Catherine Edley [00:00:01]:
On paper, Anna, founder of Anna Lou Jewelry, had a story that reads like the kind of trajectory every product founder secretly hopes for. You start making things at home. A buyer spots you, suddenly you’re in Selfridges, then Topshop, then Harvey Nichols. Your pieces are popping up on celebrities.
Anna [00:00:20]:
So it grew and grew and grew to the point where I was turning over almost £3 million but not making any profit.
Catherine Edley [00:00:28]:
You’re doing shows on QVC, journalists are calling. You have a shop on Carnaby street in London and the orders keep climbing.
Catherine Edley [00:00:37]:
Welcome to the resilient retail podcast Game plan. I’m Catherine Erdly and in the next few minutes, you’re about to get powerful real world retail strategies from insights shared both from my guests and myself, backed up by my 25 years in the retail industry. Keep listening to learn how to grow a thriving, profitable product business. Let’s jump in with this latest episode.
Catherine Edley [00:01:00]:
It all sounds incredible, doesn’t it? It sounds like proof that the whole thing is working, because that’s what we’re taught to believe when you’re busy, busy.
Anna [00:01:07]:
Busy and you’ve got the pressure of making the sales back because you just bought all this stock, you’re not grounded and you’re not aligned with yourself.
Catherine Edley [00:01:15]:
Big stockists mean success. High turnover means stability. Visibility means safety. But that’s not what was happening behind the scenes. The numbers were telling a very different story, one that most business owners don’t talk about until they’re on the other side of it.

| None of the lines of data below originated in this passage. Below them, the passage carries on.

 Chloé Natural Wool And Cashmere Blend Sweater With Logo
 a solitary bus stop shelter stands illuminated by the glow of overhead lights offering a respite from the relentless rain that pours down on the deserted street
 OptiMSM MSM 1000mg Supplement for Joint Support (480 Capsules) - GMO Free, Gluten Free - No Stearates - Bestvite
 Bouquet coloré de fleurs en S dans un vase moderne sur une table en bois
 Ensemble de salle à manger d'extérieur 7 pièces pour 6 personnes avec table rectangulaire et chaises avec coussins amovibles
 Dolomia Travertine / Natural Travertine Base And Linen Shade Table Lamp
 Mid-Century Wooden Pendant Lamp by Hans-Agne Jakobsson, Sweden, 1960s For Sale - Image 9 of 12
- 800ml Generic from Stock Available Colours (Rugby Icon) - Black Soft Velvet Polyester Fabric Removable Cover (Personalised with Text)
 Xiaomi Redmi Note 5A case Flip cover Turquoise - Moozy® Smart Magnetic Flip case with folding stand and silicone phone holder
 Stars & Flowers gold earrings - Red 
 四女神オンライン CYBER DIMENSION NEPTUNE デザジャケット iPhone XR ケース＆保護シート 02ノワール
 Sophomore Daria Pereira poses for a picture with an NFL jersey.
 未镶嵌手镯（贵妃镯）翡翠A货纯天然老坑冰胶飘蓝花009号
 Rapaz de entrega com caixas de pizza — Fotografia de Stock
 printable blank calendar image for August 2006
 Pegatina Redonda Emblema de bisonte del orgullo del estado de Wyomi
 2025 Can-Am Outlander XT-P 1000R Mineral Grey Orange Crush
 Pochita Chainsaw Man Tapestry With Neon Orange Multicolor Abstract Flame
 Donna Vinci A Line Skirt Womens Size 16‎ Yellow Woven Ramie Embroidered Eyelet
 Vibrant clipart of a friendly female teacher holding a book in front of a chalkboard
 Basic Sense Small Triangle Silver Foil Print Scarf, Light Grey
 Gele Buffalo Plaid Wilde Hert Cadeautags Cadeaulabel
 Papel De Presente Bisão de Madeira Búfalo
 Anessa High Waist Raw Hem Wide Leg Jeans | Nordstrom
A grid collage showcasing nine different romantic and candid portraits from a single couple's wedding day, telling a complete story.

And that’s why I wanted you to hear Anna’s experience directly from her. Not the glossy version, not the look where I ended up version, the real one, the one that played out underneath all the noise while everyone else assumed she was flying. But instead of starting with the highlight reel, I asked her to explain what the business actually looked like during that turbulent period.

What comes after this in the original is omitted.